- _Aim of the exercise_
Exact reproduction of the data is required, with images excluded.

- _Information provided_
# # # # #
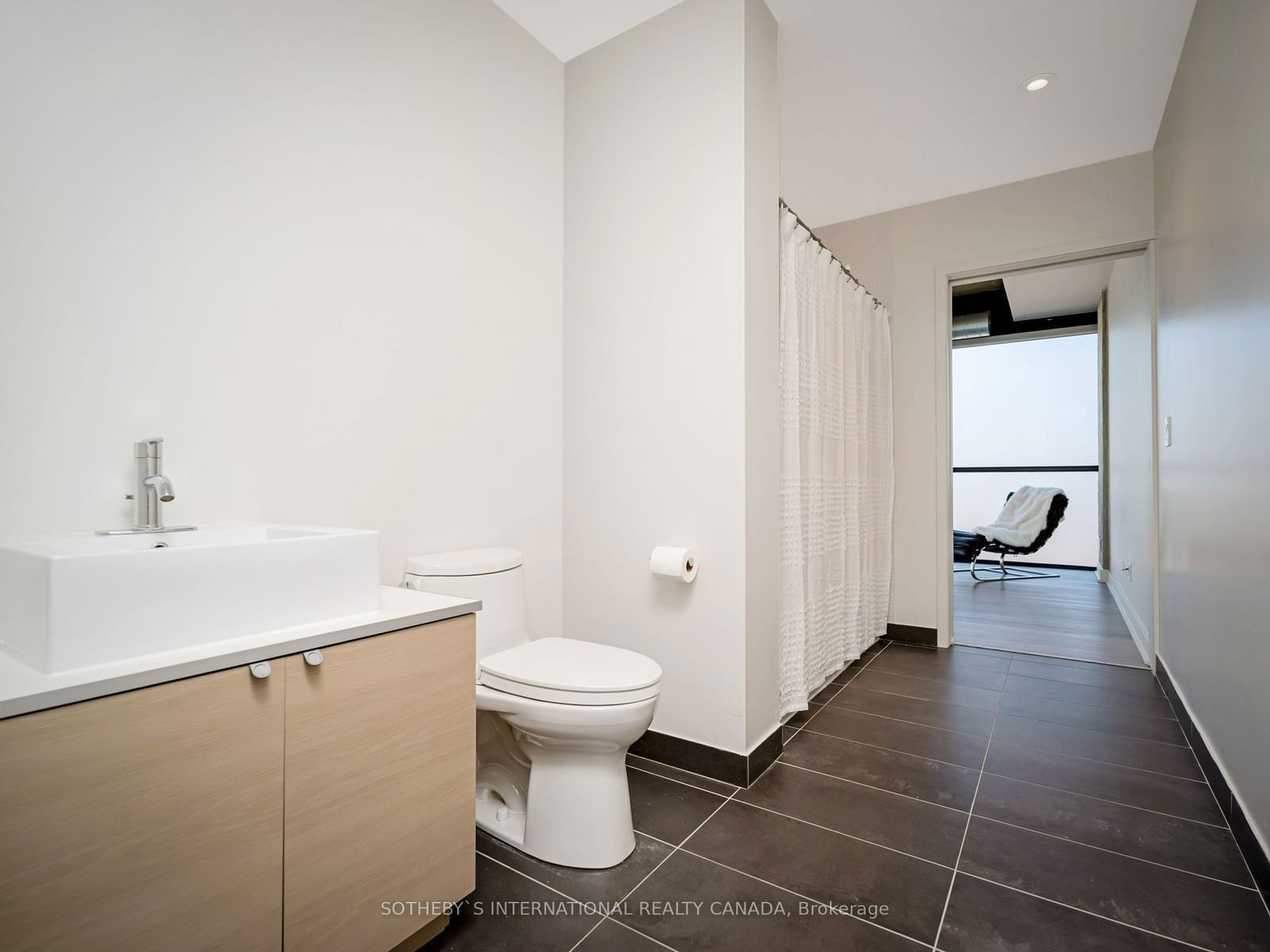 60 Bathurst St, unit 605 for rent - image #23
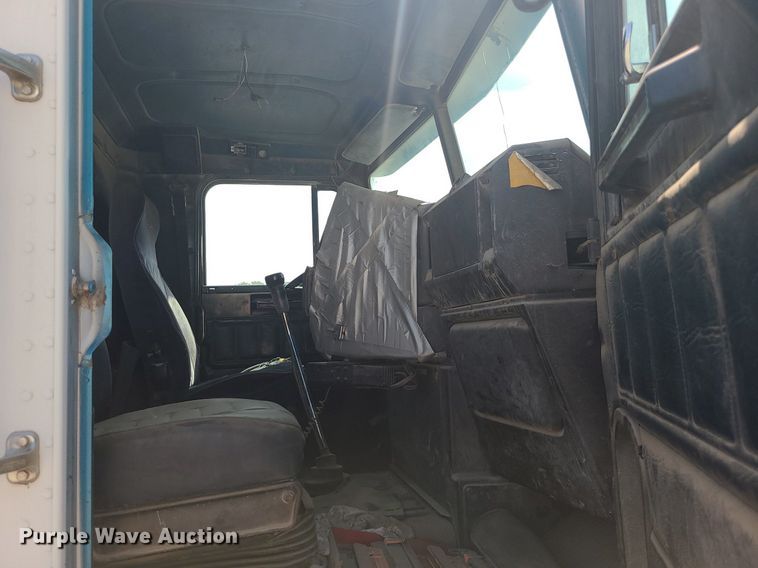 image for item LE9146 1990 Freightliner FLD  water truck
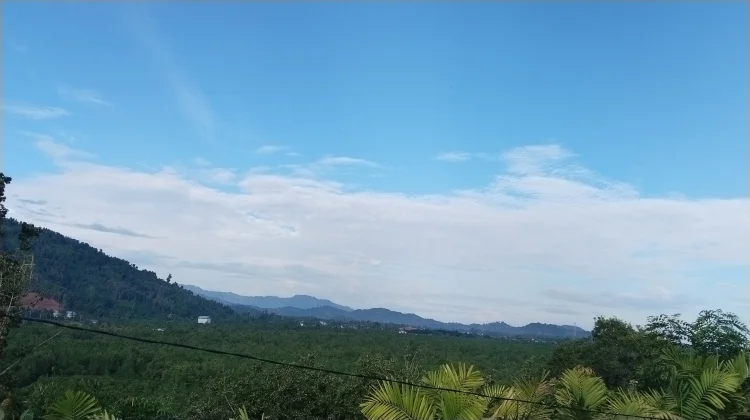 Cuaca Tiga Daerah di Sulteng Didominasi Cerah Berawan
# # # # #
- _Task output_
 60 Bathurst St, unit 605 for rent - image #23
 image for item LE9146 1990 Freightliner FLD  water truck
 Cuaca Tiga Daerah di Sulteng Didominasi Cerah Berawan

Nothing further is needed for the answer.